途中で会った給仕係にこれまでの代金と共に口止め料としてやや多めの銀貨を握らせながら、倉庫代わりにされている狭い廊下を通り二人は裏道へと出る。
近くのゴミ箱には限界以上に様々なゴミが詰め込まれており、辺りは臭気に包まれていた。
「う・・・あのダレスさん実は・・・」
「仲間がいるのだろう。大丈夫だ、俺達の気配を感じてこっちに来ているようだ・・・」
嫌な匂いにえづきながらアルディアはダレスに報告する。これまで教団施設で暮らしていた彼女にとってこのような場所は縁がなかったに違いない。
そんなアルディアにダレスは自分達に近づいて来る者の存在を告げる。足音を消しているわりには警戒する様子が全く見られないことから彼女の仲間だと判断したのだ。
「・・・アルディア様、よくぞご無事で! 何か不都合はありませんでしたか?」
月明かりと酒場から僅かに漏れる光しか存在しない裏道から小柄な人影が現れると、静かにアルディアへ問い掛ける。
「ええ、私は問題ありません。ミシャ、この方が、私達が探し求めていたダレスさ・・・んです。今回の件に協力してくれることを約束して頂きました!」
「そうですか、なるほど・・・」
ミシャと呼ばれた人物はアルディアに寄り添うように近づきながら、その全容を露わにする。
やや細身の若い女性、いや少女で茶色の髪を顎のラインで切り揃えた短髪を持ち、その身を黒く染めた革鎧で包んでいる。腰には小剣と何本かの短剣を下げており、足音を消す技を持つことから盗賊か忍びの者と思われた。
また、相手を値踏みしていたのはダレスだけはなかったようで、ミシャはやや釣り上がった目を訝(いぶか)しげに彼へと送っていた。

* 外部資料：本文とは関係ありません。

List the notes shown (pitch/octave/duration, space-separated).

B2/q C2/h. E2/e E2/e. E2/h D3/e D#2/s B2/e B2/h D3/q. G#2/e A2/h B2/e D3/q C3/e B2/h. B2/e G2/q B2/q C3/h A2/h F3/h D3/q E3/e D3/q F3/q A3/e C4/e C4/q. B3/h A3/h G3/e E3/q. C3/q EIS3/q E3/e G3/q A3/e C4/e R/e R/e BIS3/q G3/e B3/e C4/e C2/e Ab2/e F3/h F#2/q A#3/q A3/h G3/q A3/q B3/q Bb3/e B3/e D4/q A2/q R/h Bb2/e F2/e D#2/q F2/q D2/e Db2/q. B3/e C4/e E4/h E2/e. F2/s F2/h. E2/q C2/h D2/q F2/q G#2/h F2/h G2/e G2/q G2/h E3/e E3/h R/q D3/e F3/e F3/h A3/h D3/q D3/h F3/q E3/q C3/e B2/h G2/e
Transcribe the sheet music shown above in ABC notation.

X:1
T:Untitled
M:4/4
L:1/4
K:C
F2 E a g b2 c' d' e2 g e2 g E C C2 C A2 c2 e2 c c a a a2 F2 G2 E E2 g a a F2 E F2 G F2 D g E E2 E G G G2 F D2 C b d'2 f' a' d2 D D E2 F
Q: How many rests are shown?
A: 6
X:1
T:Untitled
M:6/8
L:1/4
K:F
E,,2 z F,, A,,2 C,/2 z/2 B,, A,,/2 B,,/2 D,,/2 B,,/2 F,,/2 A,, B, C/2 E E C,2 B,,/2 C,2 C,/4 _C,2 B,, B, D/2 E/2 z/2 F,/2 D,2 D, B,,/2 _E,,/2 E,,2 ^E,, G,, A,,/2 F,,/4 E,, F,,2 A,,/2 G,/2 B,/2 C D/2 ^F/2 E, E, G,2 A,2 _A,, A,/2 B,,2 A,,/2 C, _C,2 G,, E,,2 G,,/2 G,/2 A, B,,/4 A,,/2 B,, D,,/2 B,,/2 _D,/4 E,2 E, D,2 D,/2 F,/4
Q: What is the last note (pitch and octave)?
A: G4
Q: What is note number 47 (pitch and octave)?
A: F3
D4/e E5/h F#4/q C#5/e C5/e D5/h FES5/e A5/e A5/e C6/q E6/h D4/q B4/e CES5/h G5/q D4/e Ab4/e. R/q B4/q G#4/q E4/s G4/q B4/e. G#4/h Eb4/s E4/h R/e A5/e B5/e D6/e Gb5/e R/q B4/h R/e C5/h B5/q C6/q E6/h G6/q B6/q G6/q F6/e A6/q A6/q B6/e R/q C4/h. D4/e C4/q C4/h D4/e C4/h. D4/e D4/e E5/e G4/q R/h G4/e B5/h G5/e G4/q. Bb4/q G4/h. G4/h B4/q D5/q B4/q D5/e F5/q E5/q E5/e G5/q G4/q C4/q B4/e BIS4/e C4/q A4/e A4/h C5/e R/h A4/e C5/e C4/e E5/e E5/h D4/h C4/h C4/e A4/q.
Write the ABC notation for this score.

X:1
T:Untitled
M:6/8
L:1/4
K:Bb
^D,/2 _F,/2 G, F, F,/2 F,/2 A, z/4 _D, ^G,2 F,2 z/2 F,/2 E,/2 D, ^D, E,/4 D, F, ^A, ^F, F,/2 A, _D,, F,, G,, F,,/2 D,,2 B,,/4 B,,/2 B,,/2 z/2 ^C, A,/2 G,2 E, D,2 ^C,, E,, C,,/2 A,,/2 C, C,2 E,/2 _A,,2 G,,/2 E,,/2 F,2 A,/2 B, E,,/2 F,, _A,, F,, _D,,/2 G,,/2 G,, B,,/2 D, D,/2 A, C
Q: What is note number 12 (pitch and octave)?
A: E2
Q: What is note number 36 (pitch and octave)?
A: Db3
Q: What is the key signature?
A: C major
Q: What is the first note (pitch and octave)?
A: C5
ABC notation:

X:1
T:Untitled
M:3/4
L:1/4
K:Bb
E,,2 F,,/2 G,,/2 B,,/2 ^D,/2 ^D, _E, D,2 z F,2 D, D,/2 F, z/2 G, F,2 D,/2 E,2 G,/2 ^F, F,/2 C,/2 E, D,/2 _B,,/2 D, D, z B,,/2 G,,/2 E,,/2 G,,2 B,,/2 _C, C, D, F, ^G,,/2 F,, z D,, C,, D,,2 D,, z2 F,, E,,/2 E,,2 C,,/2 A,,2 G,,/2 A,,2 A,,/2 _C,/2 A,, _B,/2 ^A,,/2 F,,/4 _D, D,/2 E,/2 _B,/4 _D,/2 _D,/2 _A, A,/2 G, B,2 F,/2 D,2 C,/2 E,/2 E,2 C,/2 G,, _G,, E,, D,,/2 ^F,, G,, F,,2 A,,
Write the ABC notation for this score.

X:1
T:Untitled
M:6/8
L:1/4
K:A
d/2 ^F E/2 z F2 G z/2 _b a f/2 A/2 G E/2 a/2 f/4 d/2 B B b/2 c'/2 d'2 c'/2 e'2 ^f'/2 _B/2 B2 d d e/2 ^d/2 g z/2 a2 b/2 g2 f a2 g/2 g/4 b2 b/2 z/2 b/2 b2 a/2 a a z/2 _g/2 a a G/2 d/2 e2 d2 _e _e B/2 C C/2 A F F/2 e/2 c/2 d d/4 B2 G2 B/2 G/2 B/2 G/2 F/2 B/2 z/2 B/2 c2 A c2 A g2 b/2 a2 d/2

「しかし・・・アルディア様、本当にこの男が唯一の希望なのですか?」
自己紹介もまだだったが、ミシャはその言葉が自分なりのダレスへの評価であるように再びアルディアに問い掛ける。
「ミシャ! 挨拶もなしにそのような無礼な態度はおよしなさい。ダレスさん、申し訳ありません。ミシャは心根が良い子なのですが、口が悪いのが欠点なのです。お許し下さい。ミシャ、無礼を詫びなさい!」
「・・・失礼しました。あたしはミシャです。以後、お見知りおきを・・・」
その態度と言動からするとミシャはユラント教団の者ではなく、アルディア個人に仕える従者か部下の立場のようだ。
お世辞にも友好的とは言えない態度だが、ダレスとしてもミシャの気持ちはわからないわけでもなかった。おそらく彼女は、アルディアからユラント神に選ばれた勇者を探すとでも言われていたのだろう。それが草臥れた鎖帷子を身に纏った自分が現われたのだから面を食らうも無理はない。
「・・・ダレスだ」
とはいえ、初対面からそんな態度を取る相手に気を使うほどダレスも聖人君主ではない。ミシャは猫を思わせるしなやかな肢体と顔付きを持つ、アルディアとは別の方向で魅力的な少女ではあったが、最低限の挨拶で済ませる。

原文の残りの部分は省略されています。